En retard de 200 ans, oui si on parle de marketing, de conquête de part de marché, de démagogie, etc. Pour ce qui est de la tentative de camouflage de crimes, elle n’est pas plus à la bourre que n’importe quelle dictature, voire bien des démocraties. Et pour ce qui est de la justice, elle en est au même point, faisant payer un lampiste pour des fuites d’informations organisées par d’autres (Vatileaks).

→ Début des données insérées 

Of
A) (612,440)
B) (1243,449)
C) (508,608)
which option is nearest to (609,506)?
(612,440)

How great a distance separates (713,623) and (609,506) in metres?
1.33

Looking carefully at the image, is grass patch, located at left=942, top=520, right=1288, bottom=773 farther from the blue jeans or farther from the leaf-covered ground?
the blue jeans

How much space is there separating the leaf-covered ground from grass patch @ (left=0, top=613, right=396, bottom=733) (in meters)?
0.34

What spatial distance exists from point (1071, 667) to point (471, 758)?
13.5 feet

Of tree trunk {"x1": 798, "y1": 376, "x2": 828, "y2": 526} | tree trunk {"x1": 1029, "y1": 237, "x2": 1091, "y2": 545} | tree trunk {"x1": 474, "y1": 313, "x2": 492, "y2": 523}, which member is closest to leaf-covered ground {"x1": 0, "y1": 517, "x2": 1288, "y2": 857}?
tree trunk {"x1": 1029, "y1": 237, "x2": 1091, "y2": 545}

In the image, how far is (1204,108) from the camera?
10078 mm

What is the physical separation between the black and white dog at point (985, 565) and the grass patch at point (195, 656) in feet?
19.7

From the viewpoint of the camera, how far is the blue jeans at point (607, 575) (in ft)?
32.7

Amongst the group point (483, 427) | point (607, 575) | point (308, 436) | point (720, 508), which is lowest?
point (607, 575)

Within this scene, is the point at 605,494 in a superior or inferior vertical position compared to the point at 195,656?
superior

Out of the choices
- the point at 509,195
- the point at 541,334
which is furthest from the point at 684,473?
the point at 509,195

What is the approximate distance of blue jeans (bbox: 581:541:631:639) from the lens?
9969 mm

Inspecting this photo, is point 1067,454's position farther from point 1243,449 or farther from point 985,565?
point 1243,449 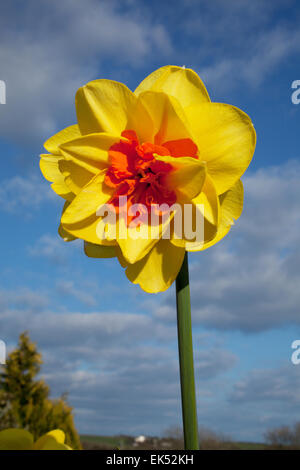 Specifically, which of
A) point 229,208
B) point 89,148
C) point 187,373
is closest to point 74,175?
point 89,148

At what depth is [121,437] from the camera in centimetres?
1438

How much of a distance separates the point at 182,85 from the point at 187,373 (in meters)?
1.23

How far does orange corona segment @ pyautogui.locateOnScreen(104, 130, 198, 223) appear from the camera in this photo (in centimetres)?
197

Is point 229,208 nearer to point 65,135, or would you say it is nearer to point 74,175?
point 74,175

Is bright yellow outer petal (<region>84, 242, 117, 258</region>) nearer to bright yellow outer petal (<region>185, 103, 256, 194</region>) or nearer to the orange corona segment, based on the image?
the orange corona segment

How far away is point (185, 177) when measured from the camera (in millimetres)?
1913

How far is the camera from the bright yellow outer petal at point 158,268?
1.91 m

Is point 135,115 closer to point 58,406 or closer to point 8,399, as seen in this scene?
point 58,406

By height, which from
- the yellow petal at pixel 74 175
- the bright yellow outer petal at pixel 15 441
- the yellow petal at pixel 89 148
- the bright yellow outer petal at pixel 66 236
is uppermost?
the yellow petal at pixel 89 148

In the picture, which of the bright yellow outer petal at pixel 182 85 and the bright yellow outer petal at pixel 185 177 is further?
the bright yellow outer petal at pixel 182 85

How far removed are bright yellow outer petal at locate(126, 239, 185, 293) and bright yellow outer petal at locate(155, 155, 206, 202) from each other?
9.2 inches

Serait-elle de son temps, l’Église n’en serait pas moins une entreprise de décervelage, elle serait seulement moins ridicule. En quelque sorte, un ennemi plus dangereux. Ce « retard », c’est le problème de l’Église catholique en Europe et en Amérique. On peut aussi voir dans ces deux continents des religions pas particulièrement évoluées gagner du terrain. Certaines ont même bien plus de 200 ans de retard, développant chacune leur propre forme de créationnisme, c’est-à-dire qu’elles font tout ce qu’elles peuvent pour se rapprocher de l’époque à laquelle ont été rédigés les comtes et légendes sur la création du monde, niant des siècles de découvertes scientifiques…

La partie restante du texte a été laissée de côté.